Las Vegas Global Economic Alliance releases strategic plan, plans to raise $7.5 million

Las Vegas Global Economic Alliance, in a strategic plan released Wednesday, plans to emphasize regional development leadership, elevate Southern Nevada as a global business location, become a force in community development and achieve operational excellence.

LVGEA, a public/private organization dedicated to improving local economies, also announced a budget of $5.4 million and launched the Engage Southern Nevada investment campaign, which aims to raise $2.5 million each year for three years.

The budget is the largest in the organization’s history. In the past, it was funded at $1 million to $2.5 million.

LVGEA’s $5.4 million budget comprises $1.5 million from the state and $1.4 million from existing members. Fundraising should supply the final $2.5 million if all goes as planned.

“In order for us to compete with other cities in the region, we have to do this,” President and CEO Tom Skancke said of the fundraising campaign.

He compares Las Vegas to Phoenix and Denver economic efforts, which are endowed with $4 million to $5 million.

In 2006, the Utah Legislature funded the USTAR Economic Development Initiative with $179 million, as well as $15 million in ongoing annual funding to attract science, technology and research business.

Skancke said the investor campaign started this past week and LVGEA will reveal its donors by mid-November.

“This is the first time this community has given at this level for this size of investment in the history of economic development,” Skancke said.

Among LVGEA’s 12-month goals is to directly recruit 42 businesses to the state.

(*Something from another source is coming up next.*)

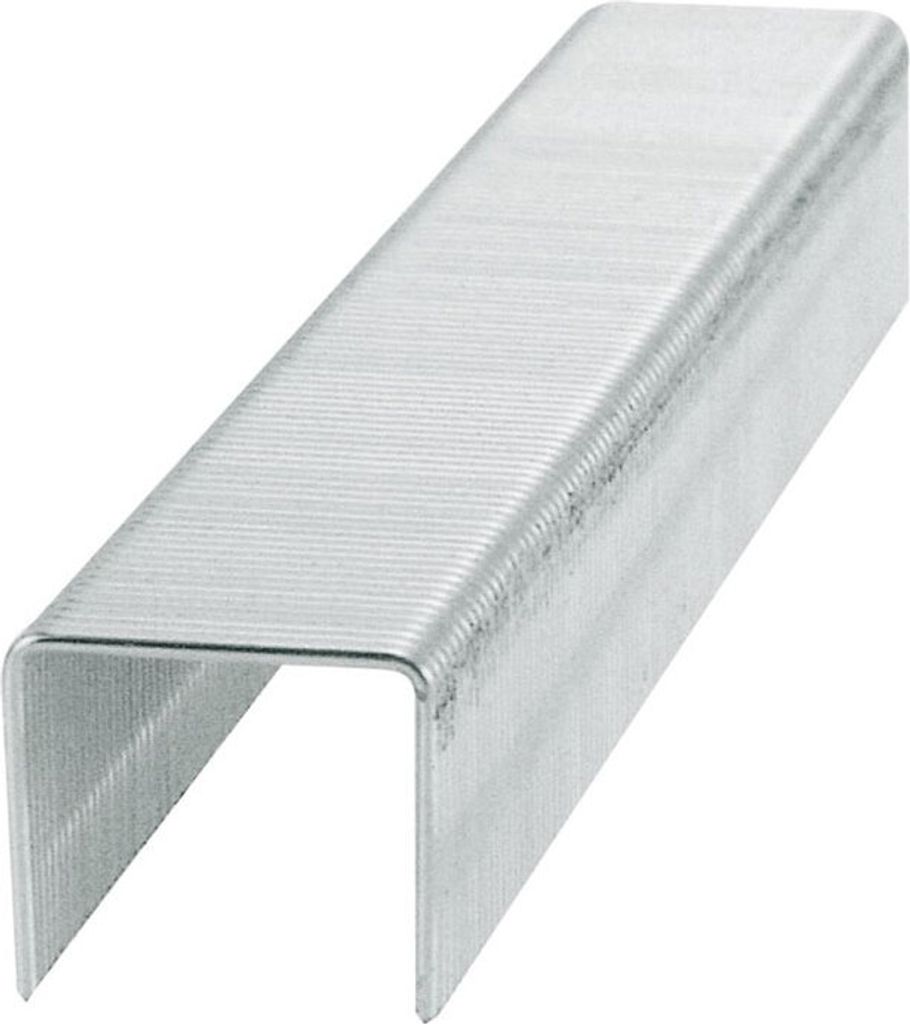 Hm Klammern Stahl Gehärtet 10 Mm (5000 Stk.) Grosspackung B 10,75 Mm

Skancke said the organization is on track. As for its community-building efforts, LVGEA has partnered with Southern Nevada Strong and various chambers of commerce, and it meets monthly with city and county officials to discuss incentives and strategy.

Other milestones include marketing and rebranding Las Vegas as a global business hub and building and retaining workforce in the region.

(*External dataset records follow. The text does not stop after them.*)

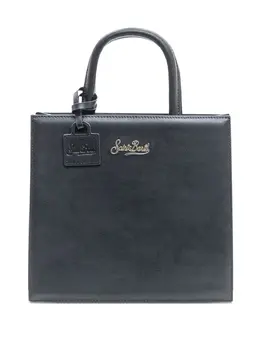 MC2 Saint Barth: Чёрная сумка 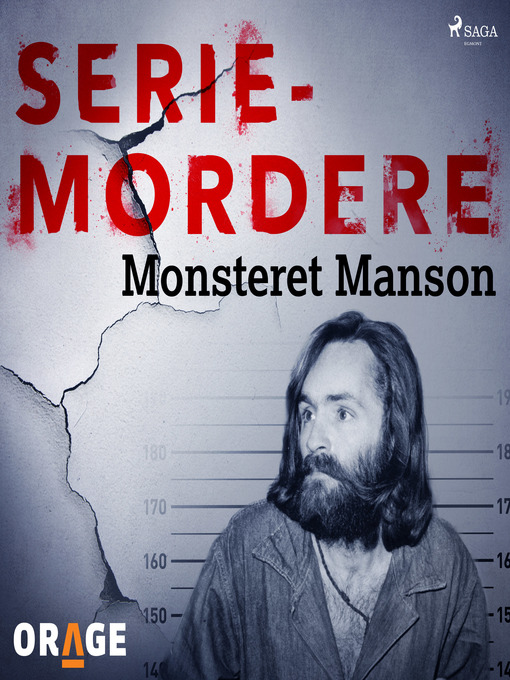 Title details for Monsteret Manson by Orage - Available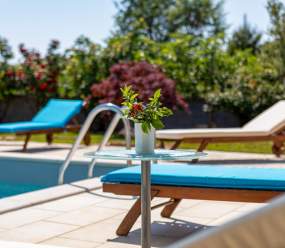 Holiday house with pool near Rovinj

Internally, LVGEA is hiring two support staff positions, one administrative position and vice presidents of public affairs and business intelligence.

Though it was reorganized in 2012 and rebranded this year, LVGEA has roots dating to 1956.

LVGEA was known as the Nevada Development Authority until it was restructured in 2011 by Assembly Bill 449, which called for reform of the state’s economic development systems.

“Two years ago, the Southern Nevada community adopted a new vision for economic development with the reorganization of the NDA into LVGEA,” Glenn Christenson, chairman of the LVGEA Executive Committee, said in a statement. “Today, we are delivering on the new mission and a redefinition of economic development. Over the next few years, the LVGEA will expand its programs and become an engine, not only of economic development, but of community development.”

The organization focuses on developing the economies of Las Vegas, Clark County, Henderson, North Las Vegas, Boulder City, Mesquite and Nye County.